Task directions: Set down every line from the one with "Автоцистерна вакуумная для" to the end of the entries, both ends included, exactly as it reads and without pictures.

[Given data — start]

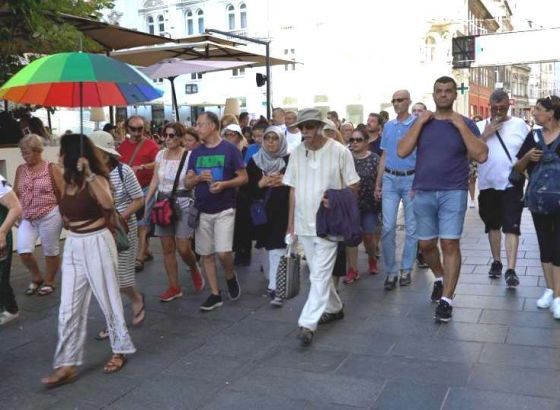 Sarajevo 'preplavili' turisti iz regije i svijeta (VIDEO)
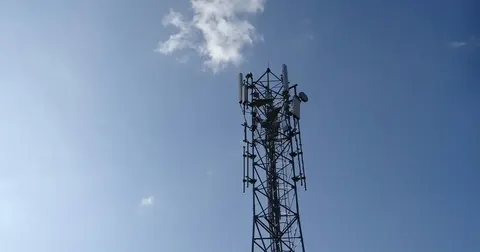 Мінцифри хоче, щоб зв'язок працював без світла кілька діб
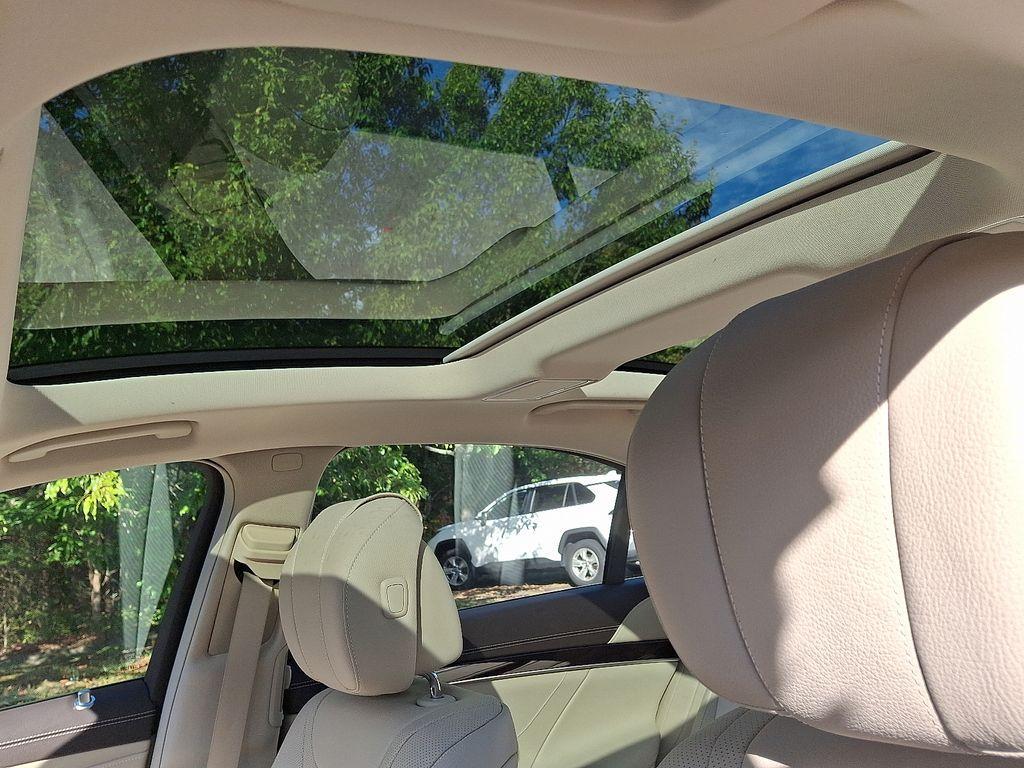 used 2020 Mercedes-Benz S-Class car, priced at $45,385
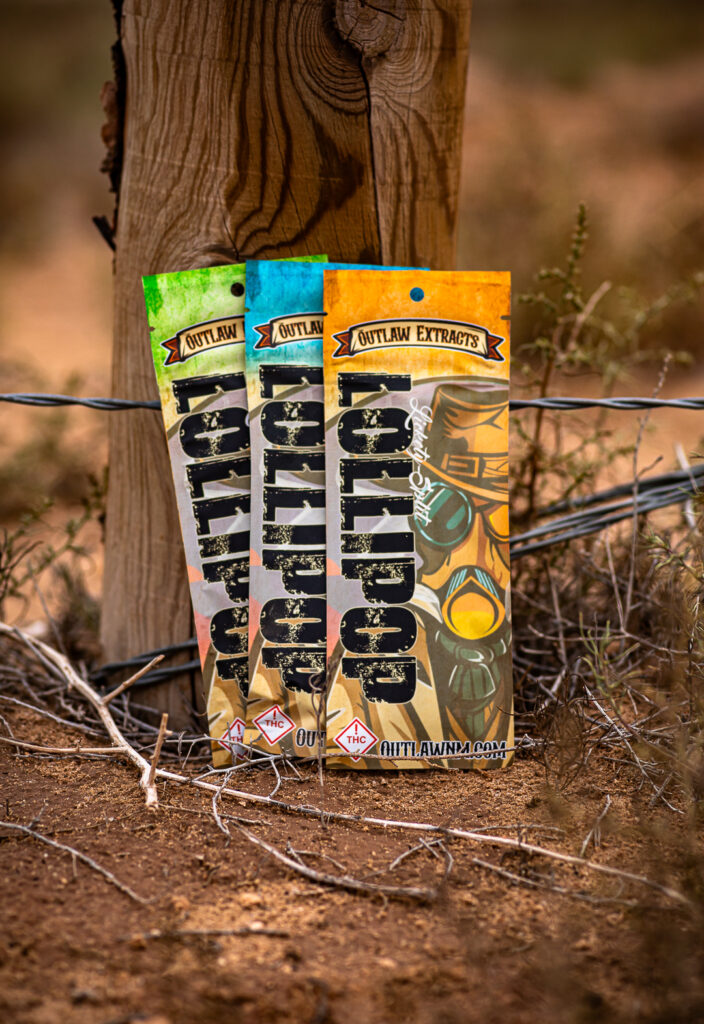 Outlaw 1054 704x1024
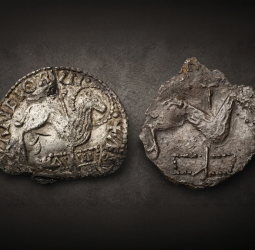 Moedas ‘Cordeiro de Deus’ de 1009 Ligadas ao Apocalipse São Encontradas na Dinamarca Após 1.000 Anos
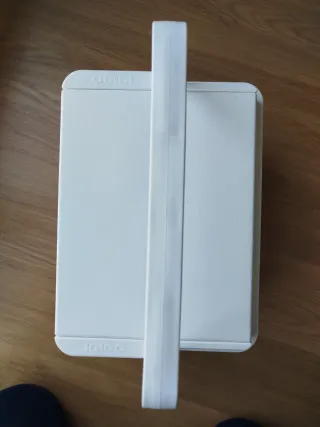 Nevera Igloo Laguna 8L Roja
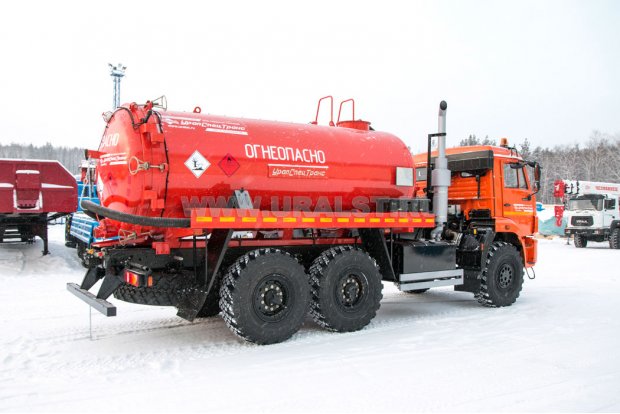 Автоцистерна вакуумная для нефтепродуктов АКН-11-ОД ВК УСТ 5453 Камаз 43118-50, доработка под ДОПОГ
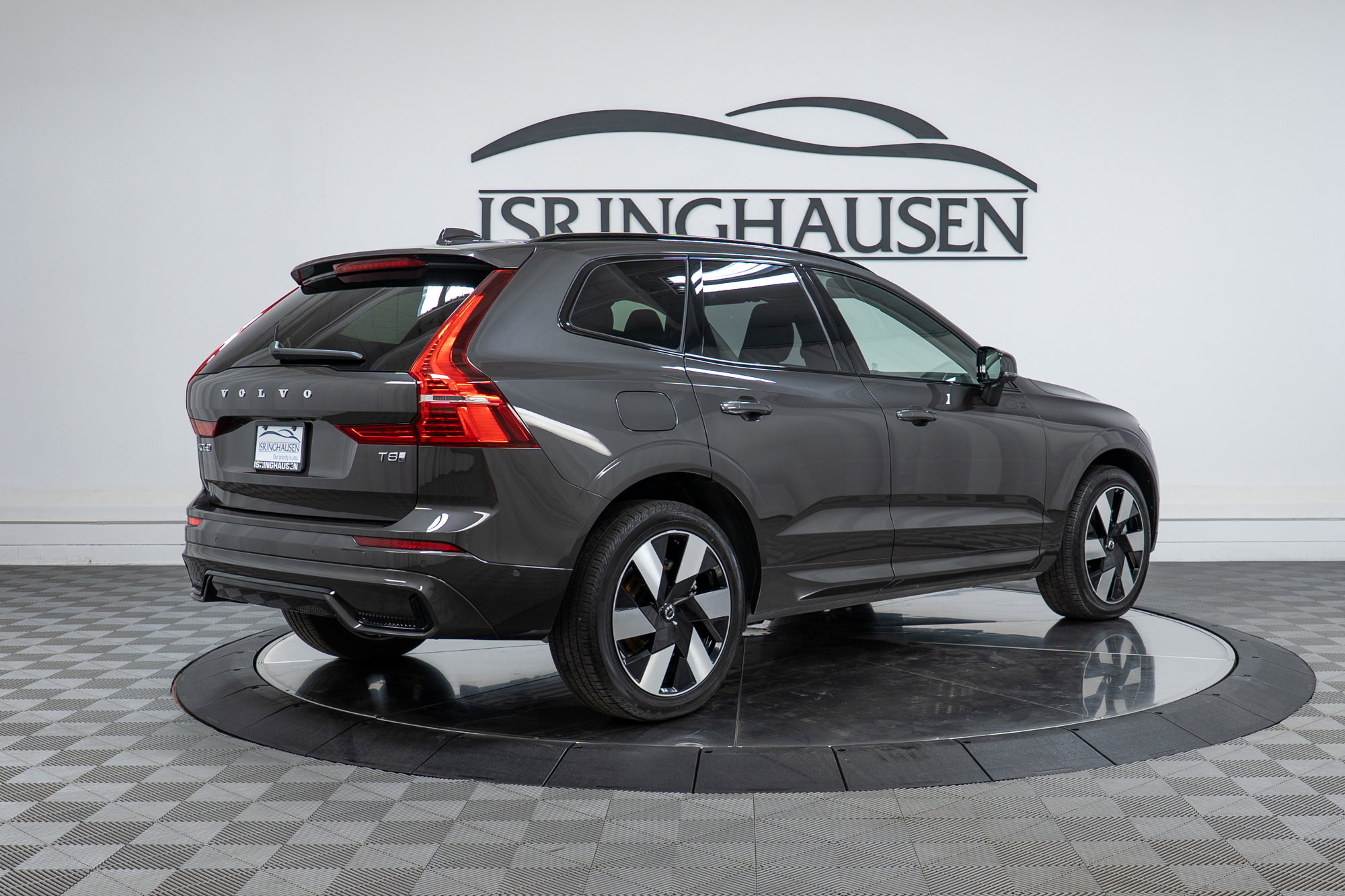 Used 2025 Volvo XC60 T8 Plus w/ Climate Package image 5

[Given data — finish]

Solution to this task:
 Автоцистерна вакуумная для нефтепродуктов АКН-11-ОД ВК УСТ 5453 Камаз 43118-50, доработка под ДОПОГ
 Used 2025 Volvo XC60 T8 Plus w/ Climate Package image 5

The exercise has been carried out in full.